Interview by Vicky Allan, Photo by Stewart Attwood

" The tour of Europe was a mad venture, and I didn't really know if I was going to pull it off, but when I've got something in my head I just go and do it. Days on tour differ depending what you're trying to do. Some of them are just driving; some involve driving and playing. On my tour of Europe this summer I played my piano in 16 cities in five-and-a-half weeks. The weather is the biggest problem because you can't put a piano out in the rain. It was hot this summer, but you always get rain.

How do I set it all up? I get permission beforehand if I need to, then, basically what you do is you arrive in a town and you have to find the pedestrian zone. The first problem you've got is you need to get as close as you can to where you perform, but it's pedestrian. So, sometimes you cheekily drive in. Often I'm not brave enough to do that, and police will come running.
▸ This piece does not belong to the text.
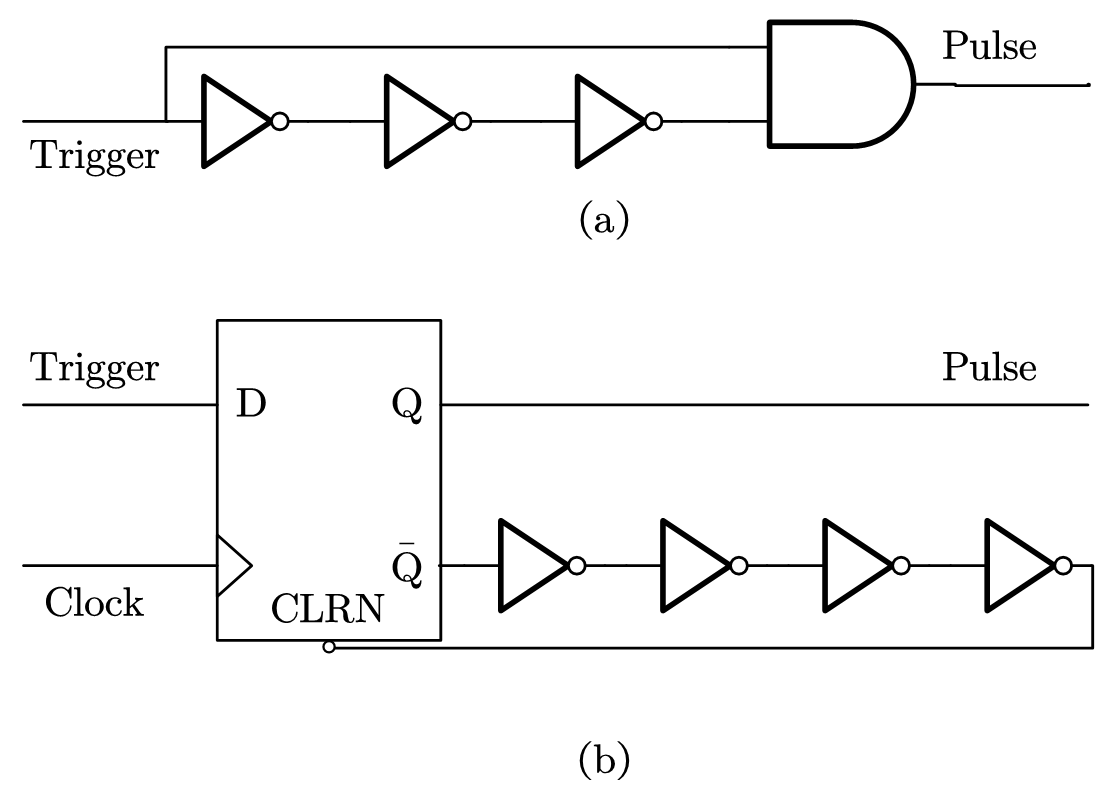 图 5-13 常用的异步脉冲产生方法示意图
Once you've done that you quickly unload, which is another problem because you need people to help you. In the bigger cities, we would basically goes as close as we could, unload the piano and then wheel it in. When you're looking for people to unload you have to stand about casually asking people who look strong. I say, 'Excuse me, can you help me unload something?' and they usually think it's a wardrobe.

The first moment you play is really weird because no one's seen this before. In the radius around you everybody's reacting. I then play for three or four hours and there are these amazing moments where people come up to you and talk. It's not just those who are like-minded. When someone stops who you would never think in 100 years would, in a tracksuit and looking dodgy, and is all interested, puts money in your hat, you're like, oh I didn't expect that from you.

In 1999 I first got the idea to play my piano in the streets for the Edinburgh Festival and went out and bought the cheapest piano I could find and the cheapest van. It was one of these vans that has padlocks instead of locks, £500, with only two months MOT, and it wasn't going to get through again. I knew I just needed it for a month. I didn't think I would do it again, but I've played almost every year since.

I played through my pregnancy. I was due during the Festival in 2002 and I played till my due date. Once I had my daughter, Sophie, it became much more complicated. I didn't take her with me but I phoned her every day and saw her several times in between. It was all so complicated to organise that sometimes I thought I couldn't do it. You have to organise so much, but on the other hand you want a spontaneous adventure.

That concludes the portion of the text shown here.